Banderium is in origin neither Latin nor Polish, but comes from the Germanic. The place names also are in their Germanic forms rather than their Polish ones. Why Długosz, a Polish historian, chose to use the Germanicized Prussian Latin is not clear.

==Location of the manuscript==
By some miracle, the manuscript survived World War II, even though it was given to Malbork Castle by the Nazis for political purposes. After the war it showed up at a London auction house and was brought to its current location in the library of Jagiellonian University.

==Notes on the work==
In the scholarly Latin of manuscript terminology, a recto page is "on the right side". The verso or "turned side" (the other side of the page) is therefore a left-hand page. This terminology has nothing to do with Długosz.

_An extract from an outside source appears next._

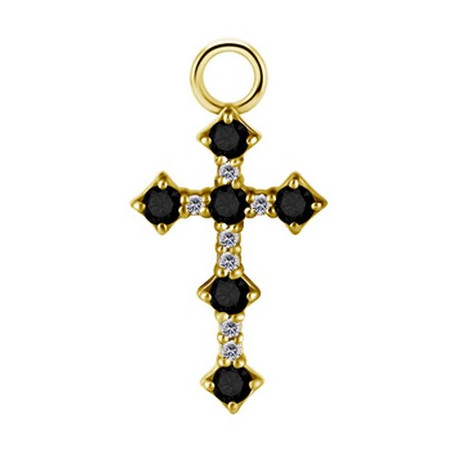 Accessoire charm croix gothique avec strass noirs et blancs pour personnaliser bijoux en COCR NF or fin GPABH 33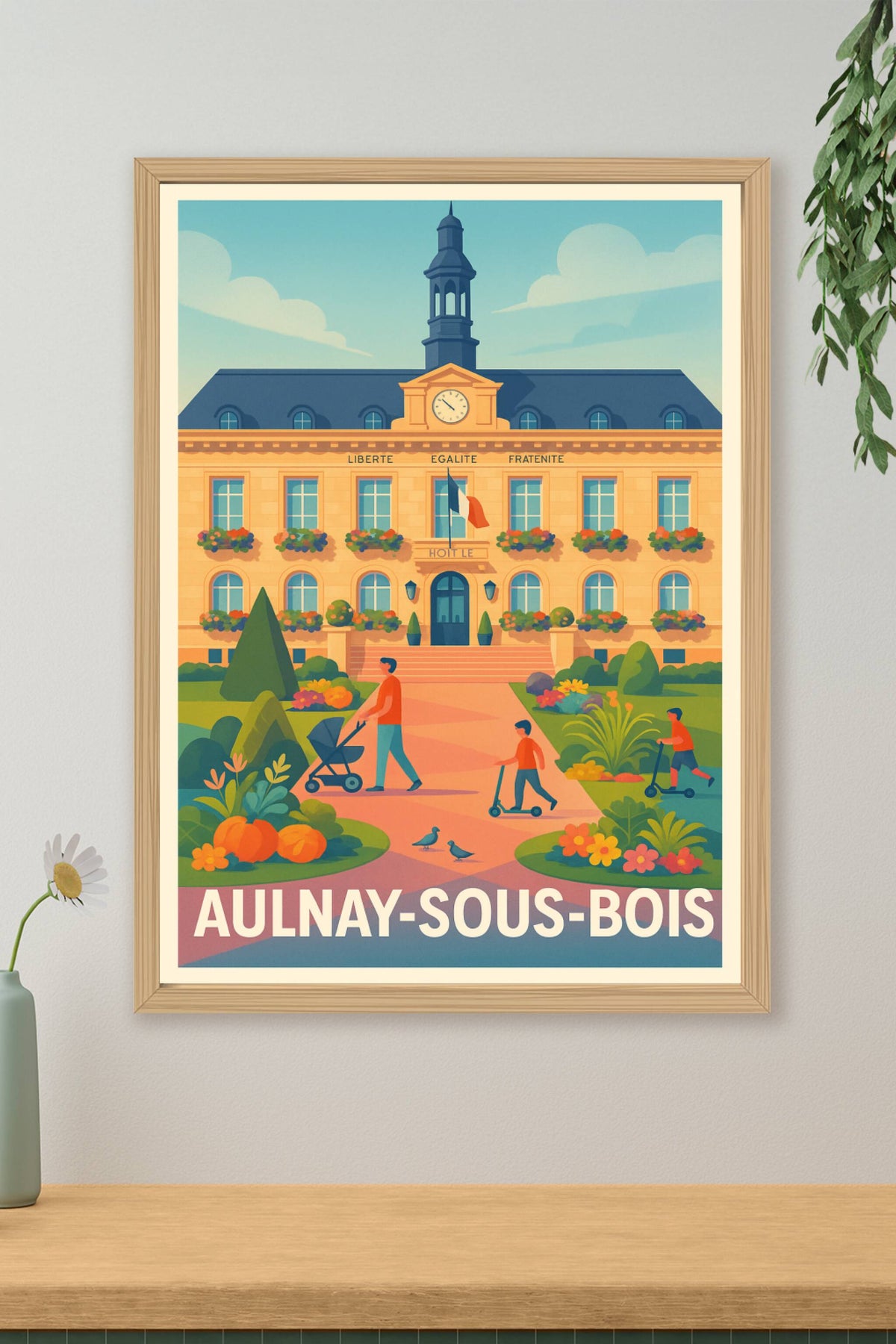 Affiche Aulnay-sous-Bois — Charme et convivialité au cœur de la ville · poster d'art de Aulnay-sous-Bois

Durink states the width (latitudo) and length (longitudo) of each flag in units he calls ulne (classical ulnae). These must be cubits rather than ells; i.e., one ulna is 18 inches by today's standard ell. The flags are generally longer than they are wide.

Page 1 recto bears the following introduction:
Pro libraria universitatis studii Cracouiensis datum per dominum Johannem Dlugosch. Descriptio Prutenicae cladis seu crucigerorum sub Jagellone per Joannem Dlugosz canonicum Cracoviensem. Banderia Prutenorum anno domini millesimo quadringentesimo decimo in festo Divisionis Apostolorum erecta contra Polonie regem Wladislaum Jagyelno et per eundem regem prostrata et Cracouiam adducta ac in ecclesia catedrali suspensa, que, ut sequitur, in hune modum fuerunt depicta.
A translation directly from the Latin is:
Given to the library of the university of study of Cracow by the master John Długosz. Description of the Prussian ruin or (the ruin) of the cross-bearers through Jagiello by John Dlugosz, canon of Cracow. The blazons of the Prussians in the year of the Lord 1410 in the holiday of the Divisio Apostolorum (Dispersal of the Apostles), which were erected against the king of Poland, Wladislaw Jagiello, and were cast down by the same king and brought to Cracow and hung in the church cathedral, were depicted in this manner, as follows.

The description to which Długosz refers is contained in the Latin notes with the flags.

==Comturiae mentioned in the work==
Culm, Pomesania, Graudenz, Balga, Schonsze, Stargard, Sambia, Tuchel, Stuhm, Nessau, Westphalia, Rogasen, Elbing, Engelsburg, Strasburg, Chełm, Brettchen and Neumark, Braunsberg.